The loss of his wife and daughter comes less than two years after Moore’s uncle was killed in a shooting in Chicago.

Moore was born and raised in Chicago.

“Please pray for my family as my uncle, Leroy, was caught in crossfire and killed in Chicago last night,” Moore wrote on Twitter on July 19, 2017. “I’m stunned and devastated right now.”

His coaching colleagues, his friends and former UW players felt that devastatio­n Saturday when they learned that Moore had lost his wife and daughter.

“We shared lots of stories about cheering the White Sox on,” Granato said. “He is a wonderful person who has gone through some different tragedies in his life.”

Talaya Davis, the mother of former UW forward Nigel Hayes, recalled a time when her son and fellow Ohio native Vitto Brown couldn’t return home for Christmas.

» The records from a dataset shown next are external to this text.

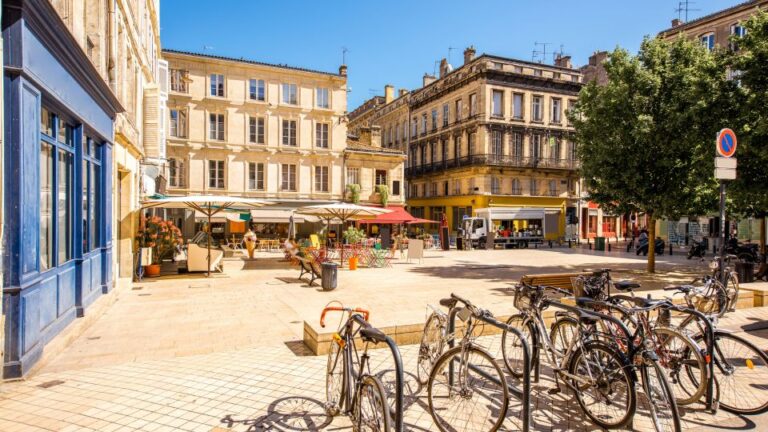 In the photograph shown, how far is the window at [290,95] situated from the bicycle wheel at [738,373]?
28.0m

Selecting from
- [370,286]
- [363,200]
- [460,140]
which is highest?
[460,140]

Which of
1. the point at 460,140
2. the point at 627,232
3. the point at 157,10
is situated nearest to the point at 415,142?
the point at 460,140

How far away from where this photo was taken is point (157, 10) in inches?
786

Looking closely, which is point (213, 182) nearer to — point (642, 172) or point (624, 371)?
point (642, 172)

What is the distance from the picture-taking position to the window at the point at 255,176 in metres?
29.2

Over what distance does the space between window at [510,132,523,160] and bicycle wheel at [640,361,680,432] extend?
3514cm

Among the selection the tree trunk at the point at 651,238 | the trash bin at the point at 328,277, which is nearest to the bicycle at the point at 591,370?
the trash bin at the point at 328,277

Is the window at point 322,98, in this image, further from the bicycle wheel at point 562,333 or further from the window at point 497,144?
the bicycle wheel at point 562,333

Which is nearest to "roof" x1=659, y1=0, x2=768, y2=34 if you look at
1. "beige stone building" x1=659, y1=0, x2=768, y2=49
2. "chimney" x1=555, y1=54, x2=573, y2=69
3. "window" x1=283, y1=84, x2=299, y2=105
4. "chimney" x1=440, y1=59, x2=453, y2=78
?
"beige stone building" x1=659, y1=0, x2=768, y2=49

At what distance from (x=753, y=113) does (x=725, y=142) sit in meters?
5.11

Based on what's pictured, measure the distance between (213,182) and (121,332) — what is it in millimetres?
22768

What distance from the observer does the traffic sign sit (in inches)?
295

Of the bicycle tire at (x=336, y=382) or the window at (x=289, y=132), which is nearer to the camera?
the bicycle tire at (x=336, y=382)

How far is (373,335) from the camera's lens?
344 cm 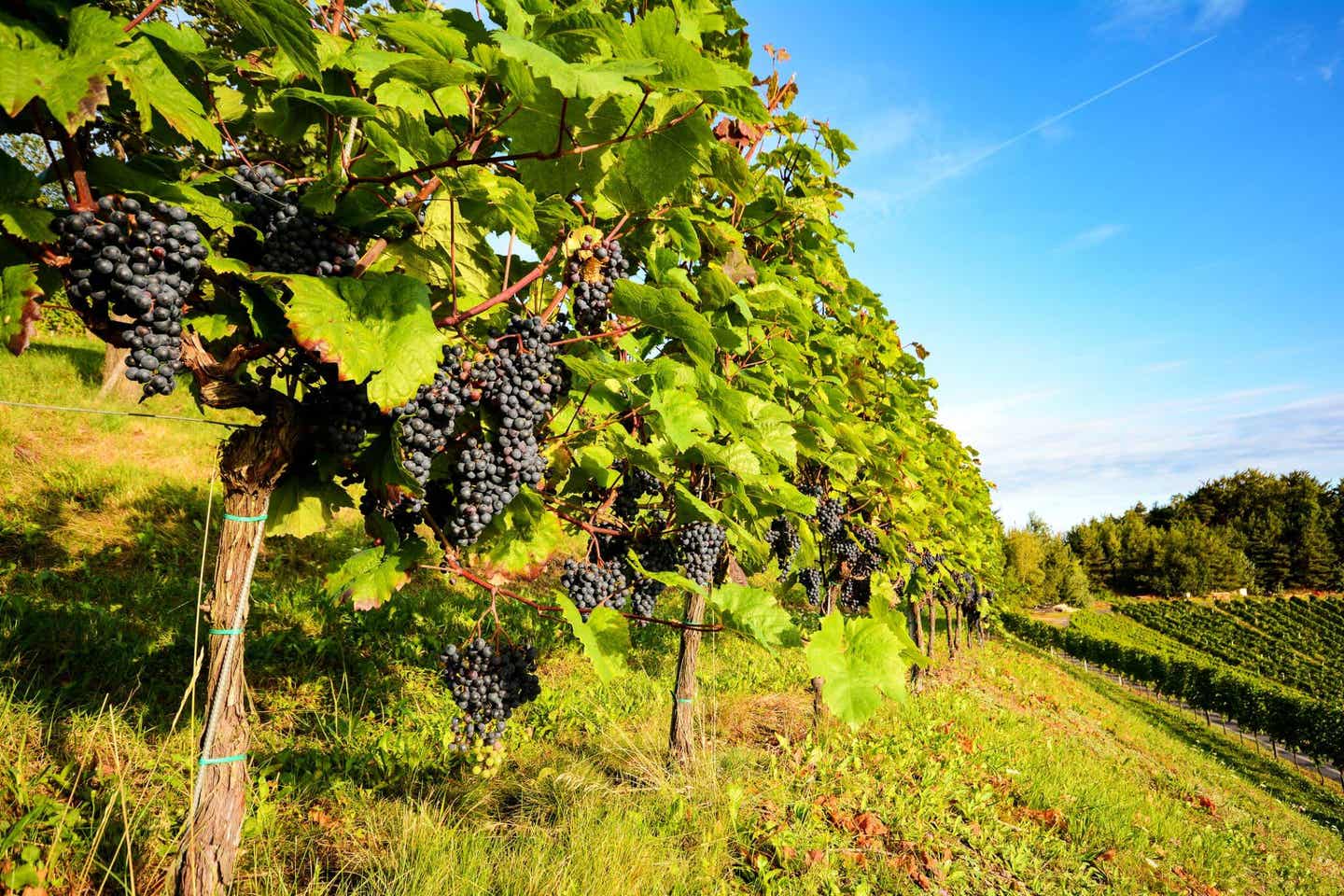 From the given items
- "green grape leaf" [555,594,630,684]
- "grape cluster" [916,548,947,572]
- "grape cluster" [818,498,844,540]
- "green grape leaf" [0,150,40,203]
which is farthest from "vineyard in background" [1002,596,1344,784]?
"green grape leaf" [0,150,40,203]

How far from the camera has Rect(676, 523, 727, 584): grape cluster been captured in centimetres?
290

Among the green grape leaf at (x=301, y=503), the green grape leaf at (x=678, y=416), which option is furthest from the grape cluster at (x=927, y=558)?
the green grape leaf at (x=301, y=503)

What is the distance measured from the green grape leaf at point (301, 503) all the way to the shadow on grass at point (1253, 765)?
1012 inches

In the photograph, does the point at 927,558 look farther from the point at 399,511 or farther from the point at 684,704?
the point at 399,511

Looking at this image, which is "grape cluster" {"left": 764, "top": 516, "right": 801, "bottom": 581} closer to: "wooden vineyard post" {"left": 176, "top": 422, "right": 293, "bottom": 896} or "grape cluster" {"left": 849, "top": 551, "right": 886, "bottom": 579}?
"grape cluster" {"left": 849, "top": 551, "right": 886, "bottom": 579}

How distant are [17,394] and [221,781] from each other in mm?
10727

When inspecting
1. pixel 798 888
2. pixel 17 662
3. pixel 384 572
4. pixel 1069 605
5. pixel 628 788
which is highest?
pixel 384 572

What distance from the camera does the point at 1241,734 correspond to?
32844 mm

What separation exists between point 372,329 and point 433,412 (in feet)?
0.92

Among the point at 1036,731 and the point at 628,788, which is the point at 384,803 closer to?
the point at 628,788

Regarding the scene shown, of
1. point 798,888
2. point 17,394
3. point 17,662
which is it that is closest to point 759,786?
point 798,888

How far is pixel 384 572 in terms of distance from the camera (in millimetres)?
2223

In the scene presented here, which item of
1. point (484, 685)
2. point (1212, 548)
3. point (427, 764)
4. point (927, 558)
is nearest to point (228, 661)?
point (484, 685)

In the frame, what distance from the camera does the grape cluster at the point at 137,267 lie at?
1397mm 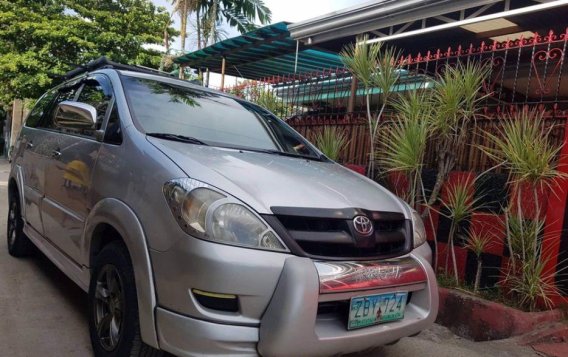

Jennifer Moore made sure the two UW players had a home away from home for the holidays.

“She invited them over and took care of them, fed them and loved them just like a mother,” Davis said. “None of the mothers were there. I thanked her so much. She stepped in and did it all.”

Brown noted that his parents and sister had come to Madison to visit him. As a result, Jennifer Moore invited the quartet over for dinner.

“They treated us like we had known them for years,” Brown said. “Coach Moore’s wife really had it going in the kitchen. I didn’t know how she was going to feed all of us.”

Mahnke and Moore can talk about basketball and their faith in Christ.

“The question that always comes up is: ‘Why does this happen?’” Mahnke said. “No one really knows for sure. But I can say this. If there is a man who is prepared for something like this and how to remain strong in not only his faith but also strong for his family, it is someone like Howard.”